The Best And Worst Of Cross-Channel Design
June 30, 2008 2 Comments
We just completed a pretty extensive evaluation of the cross channel experiences of the following 16 large companies:
- Airlines: American Airlines, Delta Air Lines, Southwest Airlines, United Air Lines
- Banks: Bank of America, JP Morgan Chase, Wachovia, Wells Fargo
- Department stores: JC Penney, Kohl’s, Macy’s, Sears
- Mp3 manufacturers: Apple, Creative, iRiver, Sony
The research used Forrester’s Cross-Channel Review methodology (which is a form of an expert reveiw) to grade the experiences across 57 criteria. The analysis looked at interactions via the Web, email, IVR, phone agent, as well as cross-channel transitions.
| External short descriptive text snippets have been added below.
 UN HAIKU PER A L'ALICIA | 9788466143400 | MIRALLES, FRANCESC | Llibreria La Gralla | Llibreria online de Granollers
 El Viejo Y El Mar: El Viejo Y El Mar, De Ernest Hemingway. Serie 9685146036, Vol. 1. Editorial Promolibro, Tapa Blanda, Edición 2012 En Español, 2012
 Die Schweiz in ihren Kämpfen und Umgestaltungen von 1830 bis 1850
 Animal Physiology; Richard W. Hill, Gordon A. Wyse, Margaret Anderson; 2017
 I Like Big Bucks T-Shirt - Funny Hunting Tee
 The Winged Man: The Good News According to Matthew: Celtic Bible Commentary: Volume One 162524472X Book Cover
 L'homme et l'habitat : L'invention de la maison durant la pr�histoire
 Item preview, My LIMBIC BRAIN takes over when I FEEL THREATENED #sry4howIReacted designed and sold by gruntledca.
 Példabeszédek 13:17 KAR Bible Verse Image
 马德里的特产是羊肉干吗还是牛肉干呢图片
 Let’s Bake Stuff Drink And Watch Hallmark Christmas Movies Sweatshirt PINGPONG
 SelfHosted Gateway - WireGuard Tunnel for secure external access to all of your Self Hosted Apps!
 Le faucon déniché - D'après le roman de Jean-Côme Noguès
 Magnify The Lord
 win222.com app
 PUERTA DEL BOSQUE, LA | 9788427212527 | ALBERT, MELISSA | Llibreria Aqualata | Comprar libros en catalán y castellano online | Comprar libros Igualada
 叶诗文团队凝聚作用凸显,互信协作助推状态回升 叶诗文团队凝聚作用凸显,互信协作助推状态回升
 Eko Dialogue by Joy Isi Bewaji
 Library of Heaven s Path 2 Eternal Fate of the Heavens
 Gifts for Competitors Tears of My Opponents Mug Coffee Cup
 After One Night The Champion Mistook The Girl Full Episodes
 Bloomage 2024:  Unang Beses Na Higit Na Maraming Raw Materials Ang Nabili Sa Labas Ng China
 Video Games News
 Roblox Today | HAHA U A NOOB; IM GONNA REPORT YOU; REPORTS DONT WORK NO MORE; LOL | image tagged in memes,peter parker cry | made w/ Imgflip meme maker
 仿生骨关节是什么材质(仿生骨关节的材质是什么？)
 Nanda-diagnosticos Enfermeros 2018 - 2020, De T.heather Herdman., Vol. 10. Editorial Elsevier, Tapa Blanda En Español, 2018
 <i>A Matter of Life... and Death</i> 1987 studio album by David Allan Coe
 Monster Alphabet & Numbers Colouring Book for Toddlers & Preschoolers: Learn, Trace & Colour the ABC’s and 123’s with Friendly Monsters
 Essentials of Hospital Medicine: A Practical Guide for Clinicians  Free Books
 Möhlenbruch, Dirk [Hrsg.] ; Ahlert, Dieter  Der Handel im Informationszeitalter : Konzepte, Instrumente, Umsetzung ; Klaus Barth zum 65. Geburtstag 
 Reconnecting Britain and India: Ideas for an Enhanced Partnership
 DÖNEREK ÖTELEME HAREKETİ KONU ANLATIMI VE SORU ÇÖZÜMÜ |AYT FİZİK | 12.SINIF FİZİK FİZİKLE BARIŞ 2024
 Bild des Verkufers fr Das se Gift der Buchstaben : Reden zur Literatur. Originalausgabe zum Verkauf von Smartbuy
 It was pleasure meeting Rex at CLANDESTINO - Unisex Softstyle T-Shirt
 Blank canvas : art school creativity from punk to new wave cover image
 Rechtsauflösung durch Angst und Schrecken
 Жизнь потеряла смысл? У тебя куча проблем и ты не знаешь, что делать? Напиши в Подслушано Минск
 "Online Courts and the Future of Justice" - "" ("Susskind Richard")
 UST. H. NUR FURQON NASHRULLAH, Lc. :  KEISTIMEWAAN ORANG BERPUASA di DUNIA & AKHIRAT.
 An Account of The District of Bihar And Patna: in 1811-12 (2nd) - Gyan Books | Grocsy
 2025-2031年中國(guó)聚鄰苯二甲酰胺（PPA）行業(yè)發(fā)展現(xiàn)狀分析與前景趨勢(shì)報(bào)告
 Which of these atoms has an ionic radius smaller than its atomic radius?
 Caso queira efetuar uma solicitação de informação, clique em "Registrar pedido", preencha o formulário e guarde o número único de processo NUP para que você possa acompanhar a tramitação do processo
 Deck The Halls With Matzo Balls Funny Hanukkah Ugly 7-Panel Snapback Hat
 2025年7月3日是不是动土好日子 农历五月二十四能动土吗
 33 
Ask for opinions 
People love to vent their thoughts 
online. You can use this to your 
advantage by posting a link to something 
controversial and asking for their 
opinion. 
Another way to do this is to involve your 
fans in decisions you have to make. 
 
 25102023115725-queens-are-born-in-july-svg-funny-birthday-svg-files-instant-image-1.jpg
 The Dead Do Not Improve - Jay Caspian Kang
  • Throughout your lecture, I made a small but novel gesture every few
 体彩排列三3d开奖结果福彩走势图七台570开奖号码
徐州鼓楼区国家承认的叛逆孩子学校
Here are some of the findings from the research:
- None of the 16 companies received a passing score [+57 or higher].
- Airlines received the highest average score [-8] and MP3 manufacturers the lowest [-29].
- Delta received the highest score and iRiver received the lowest score.
- There were 4 criteria that all of the companies failed:
- “Is text legible?” (Web Site)
- “Can customers get a confirmation of their phone conversation in another channel?” (Phone Agent)
- “Can the user complete her goals in all required channels?” (Channel Transition)
- “Can the user control how he interacts with the company?” (Channel Transition)
- Results differed across the channels we evaluated:
- Web Site: Delta was best; Sony was worst
- IVR: American Airlines was best; iRiver, JC Penney, Southwest Airlines were worst
- Phone agents: American Airlines was best; JC Penney was worst
- Email: Sears, Creative were best; Southwest Airlines, Apple, iRiver were worst
- Channel transitions: Macy’s was best; JPMorgan Chase, American Airlines were worst
I need to give a shout out to the Adele Sage, Vidya Drego, and Andrew McInnes who did most of the hard work on the research.
The bottom line: It’s not all bad news; firms that make improvements can really differentiate themselves.